One is a 5(ish) foot Bredli, and the other is a 7 foot BHP. So it's not as though I could lose them easy in the grass and decide to give up searching for them and let them stay out in the garden. I started using the backyard in the beginning, but with all the things (wood piles, shrubs, and other objects) they just head straight for them and try to go underneath them. The front is just lawn and a lot bigger area.



Manda1032 said:


> I hate cats with a passion... I don't go around screaming to people "Lock your darn cat up! you wildlife killers!!!" Its my problem, i mutter it to myself and move on! it's stupid and I hope the authorities think this too



Lol We 'allow' their 2 cats to roam around OUR yard at night. By 'allow', I mean I got a trap from the council after it killed a tame one eyed magpie we had out backyard and took it in to the shire offices when it was caught next day. Said neighbour this post is about came to front door and threatened me that night about not touching his cats again.. 

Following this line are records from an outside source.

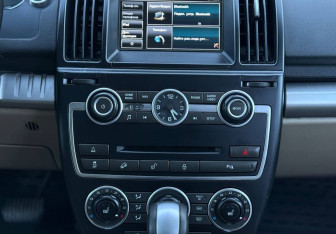 Подержанный автомобиль Land Rover Freelander 2014 года (17 фото)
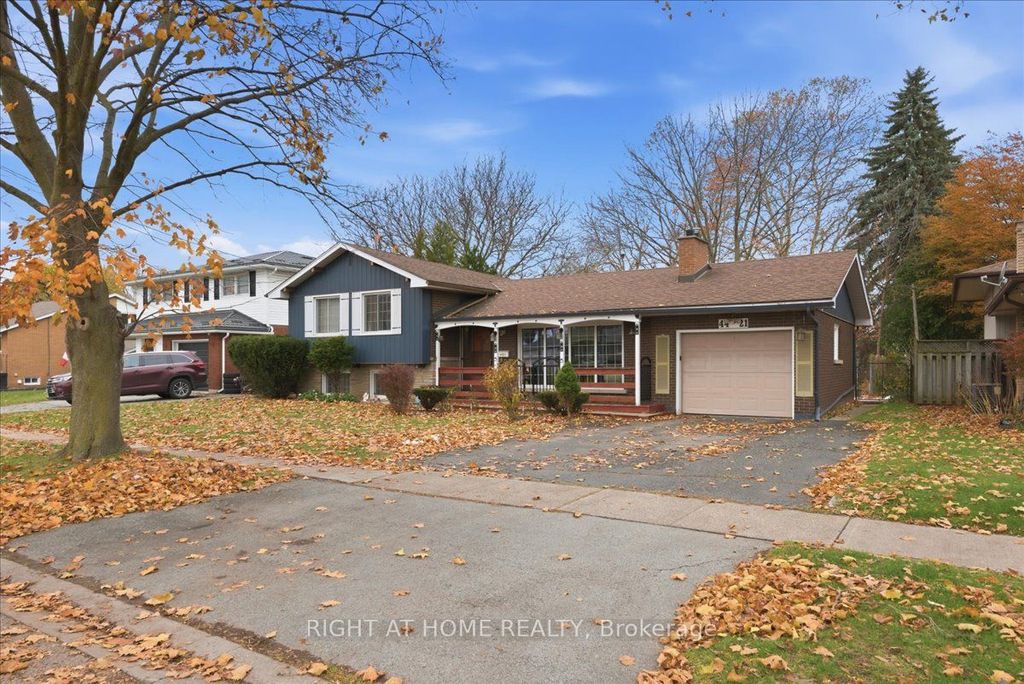 Photo of 4421 Pettit Avenue, Niagara Falls, ON L2E 6K9 (MLS # X12586744)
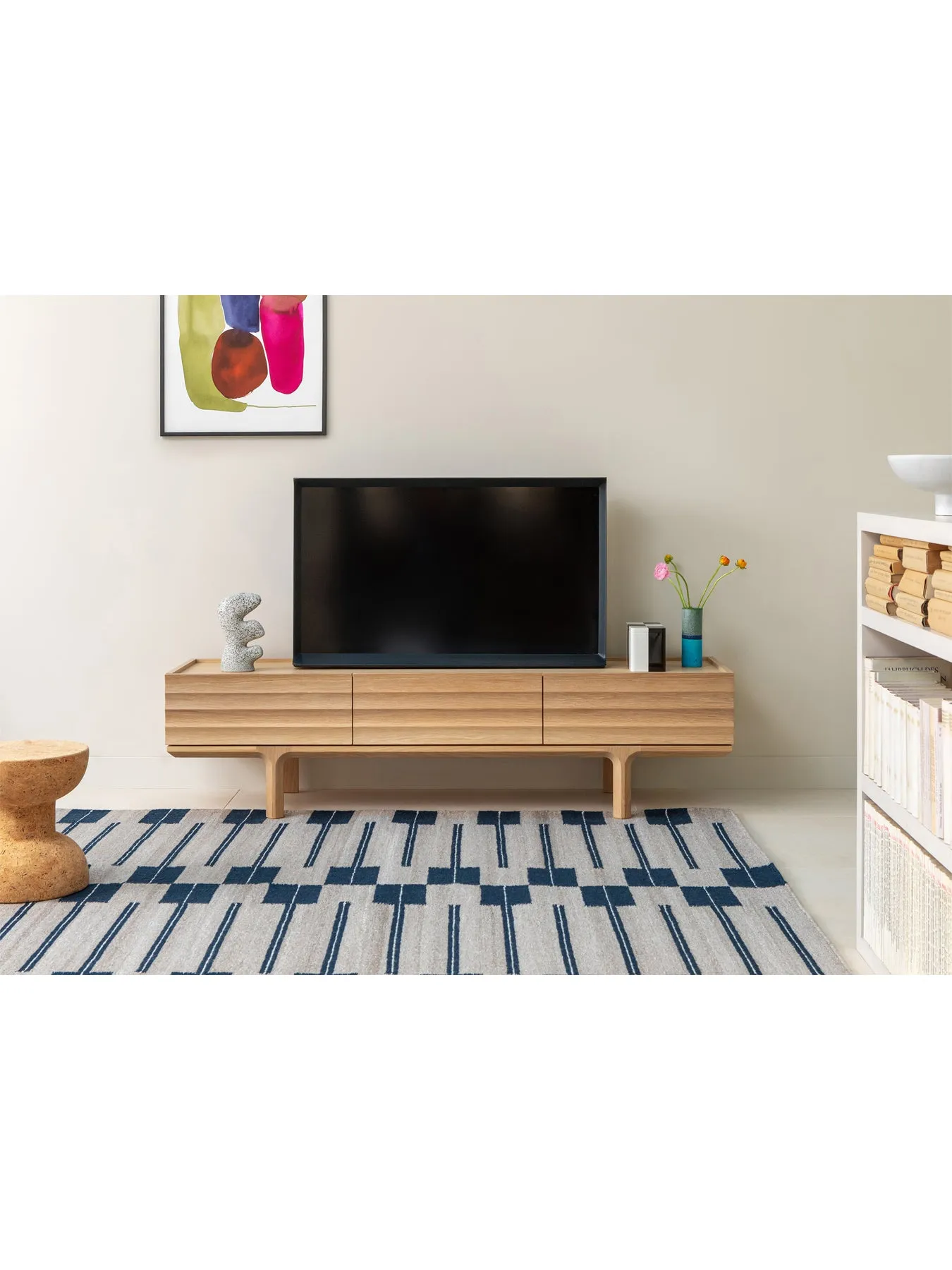 Media Unit with Grooved Front - Natural, Oak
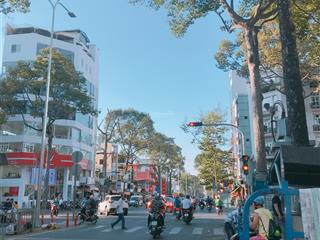 Bán mặt tiền phạm hữu chí ngay thuận kiều plaza (dt5,8x13,5m, 2 lầu thang máy) quận 5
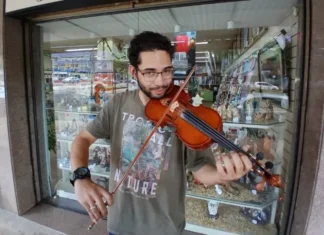 Violinista atrai atenção nas ruas de Maringá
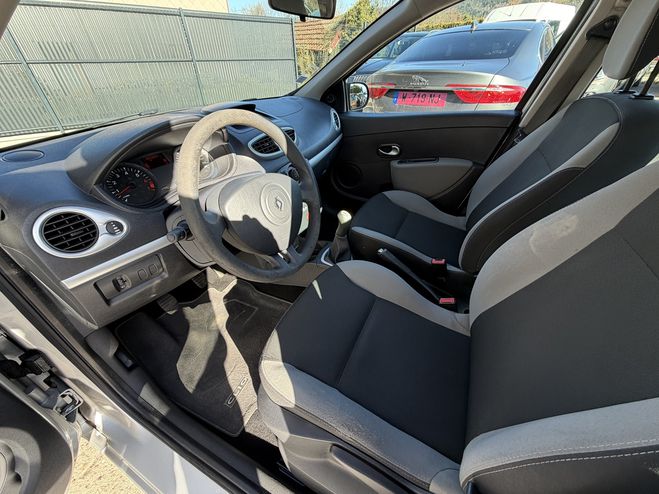 Renault Clio 1.2 16V 75CH EXPRESS CLIM 5P GRIS C de 2011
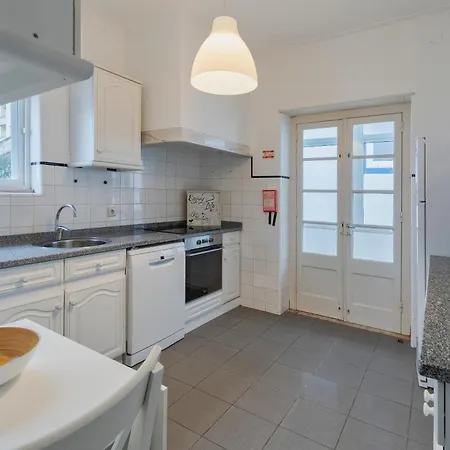 Patios Marias - Rosas 세투발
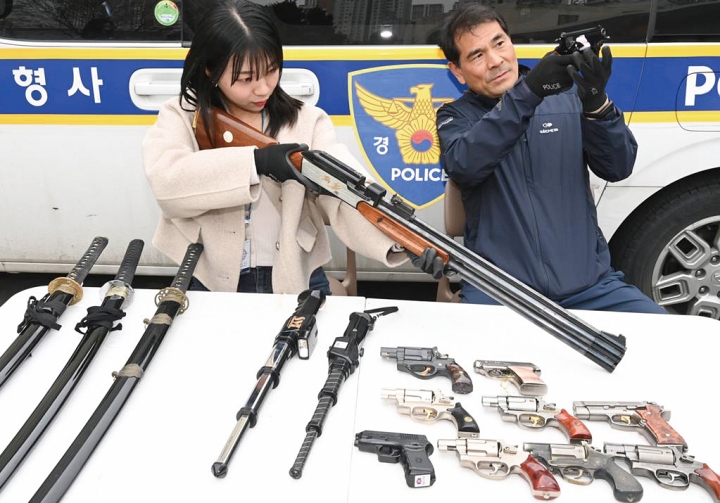 4월 1차 불법무기류 자진신고 기간에 경기 수원시 영통경찰서 범죄예방질서계 경찰관들이 총기류 등을 살펴보고 있다. 사진 뉴시스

Yes we have history. I even got blamed for our other next doors roosters crowing. And doing weeding in the back yard on the weekend upsets their 3 Pomeranians that bark at anything as simple as a sneeze. 

I am half done with an enclosure out back to let the snakes exercise in, and want to convert the whole back yard into a 'refuge' for frogs, blue tongues and other local skinks.



Suenstu said:


> I agree with Jamie - but I understand from the op that the backyard is closer to this particular neighbour - or maybe I misinterpreted that?



Yes, our backyard is only a few meters from their front and back doors. Our front is as far from their house as you can get.


----------



## AmandaD (Feb 17, 2012)

My backyard is surrounded by flats with some not nice people. When my dogs were pups/had pups they were excercised out the front yard because the only people that would see them would be anyone walking by. Same with snakes, they will be out the front on the grass because i don’t want no “thug” seeing what i have and deciding to break into my house. No complaint from my neighbours yet and i hope this isn’t a legal problem because if it is, for the safety of my snakes unfortunately they wont be going outside.


----------



## Manda1032 (Feb 17, 2012)

Levold said:


> Lol We 'allow' their 2 cats to roam around OUR yard at night. By 'allow', I mean I got a trap from the council after it killed a tame one eyed magpie we had out backyard and took it in to the shire offices when it was caught next day. Said neighbour this post is about came to front door and threatened me that night about not touching his cats again..
> 
> Yes we have history. I even got blamed for our other next doors roosters crowing. And doing weeding in the back yard on the weekend upsets their 3 Pomeranians that bark at anything as simple as a sneeze.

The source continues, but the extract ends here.